А сланцевые, если уложить их в бетон, при черноморской этой жаре, при длительных перегревах – рассиропливаются, не держат… Так я опыт сделал, еще несколько лет назад, чтоб не гонять попусту машины, которых мало: специальный куб построил – тело его из сланцевых песков с цементом, а оболочку – из обычного бетона. Простоял кубик мой два года – и хоть бы что ему! Посчитал: плотина при таком-то способе вдвое дешевле государству обойдется, вдвое! – не шутка.
Так и начал укладывать ее. И вот комиссия наехала, во главе – главный бетонщик министерства. Запретить! – кричат… А я знаю: оформи я рацпредложение и включи его фамилию в список, и все будет не то чтобы шитокрыто – нам славу пропоют на весь Союз; глядишь – и лауреата присвоят!.. Но ведь я даже на себя такое предложение не составлял, не оформлял: я – инженер, и мне зарплату платят именно за то, чтоб я думал! Понимаете?
Панин кивнул. У него вид виноватый был, пристыженный будто. И видимо, это распалило Пасечного еще больше. Он и рукой по столу пристукнул.
– Нет, вы представьте! Он теперь от меня лабораторных всяких испытаний требует, чтоб все формулы ему вывести, а производство до тех пор прикрыть. Десятки машин, шесть бригад бетонщиков, бетонный завод – прикрыть! – задышал тяжело, что-то посвистывало у него в больных легких. – За формулами ум потерял!.. Что же делать мне?
Панин вздохнул, промолчал.
Мария вдруг рассмеялась тихо.
– Ну что ты смеешься?.. Что? – прикрикнул отец сердито.
– Так… Вспомнила.
– Что вспомнила?
– Да безделицу… У Коровина, художника, в воспоминаниях случай один. В училище у них два преподавателя – Сорокин и Прянишников – постоянно спорили, нужно ли живописцам знать анатомию, а если нужно – подробно ли… Сорокин крикливый был, вроде тебя, пап, и в запале утверждать стал, что даже конструкцию внутренних органов знать непременно необходимо. «И кишки?» – спросил Прянишников. «И кишки!» – «Ну хорошо! – Прянишников говорит. – Я тебя писать буду, Евграф Семеныч, в шубе. Но сначала я напишу кишки, потом рубашку, жилет, сюртук, а уж после всего – шубу…»
Пасечный рассмеялся, подхватил:
– Вот-вот! И он кишки эти требует рисовать! Ну зачем?

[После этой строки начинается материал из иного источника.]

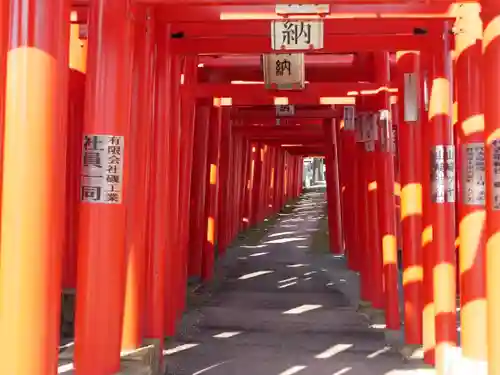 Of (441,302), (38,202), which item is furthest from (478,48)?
(38,202)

Повеселев, сел на прежнее место, притянул Марию за плечи к себе. А та из-под руки отца украдкой взглянула на Панина. Он сидел сгорбившись, голубые глаза его были по-прежнему виноватыми, будто б выцвели от вины.
«Да что он такой! Нельзя так! Замучает он себя!» – подумала Мария не без досады. Отец увел ее, готовить ужин. Токарев спросил Панина:
– А за что ты Марию давеча срезал?
– Цитирует она все время. Не свое, – Панин поморщился. – Голубкина и остальные для нее – средство.
– А цель?
Панин пожал плечами. И Токарев возмутился:
– Что ты хочешь от нее? Только-только со студенческой скамьи спрыгнула! Мы что, в ее годы лучше были?
Панин молчал.
Когда все это Аргунов пересказывал мне – дотошно, в лицах, то и дело меняя интонации, – я иногда начинал сомневаться в его точности, спрашивал:
– Анисим Петрович, ну откуда вам знать, что они там вдвоем толковали? Или что Мария в тот миг подумала? – уж в мысли-то ее вы влезть не могли!
Он смеялся, довольный.
– Да ведь и я тоже в беседке той сидел. Они ко мне привыкли, как к собственной тени: вроде тут я, и нет меня. Я ж в их разговоры не вязался, хотя и казалось, например, что Панин просто придирается к Маше.
Не знаю уж почему… Что в самом деле: «цитирует», «средство»! – передразнил он. – У нее же интерес был к высшей материи! Не то что у моей вот, Дины: в голове одно женство! – Он помолчал и, чтобы быть до конца точным, счел все же необходимым пояснить: – Даже если интерес этот возник случайно. Она рассказывала, как у нее роман с Голубкиной начался. Жила Мария на Большой Семеновской, в Москве-то. Район окраинный, заводской и, может, самое красивое место – Немецкое кладбище: деревья старые, еще с петровских времен, тишина, дорожки песком посыпаны, кованые ограды и прочая фурнитура. Она туда с друзьями гулять ходила. А там-то и похоронена Голубкина.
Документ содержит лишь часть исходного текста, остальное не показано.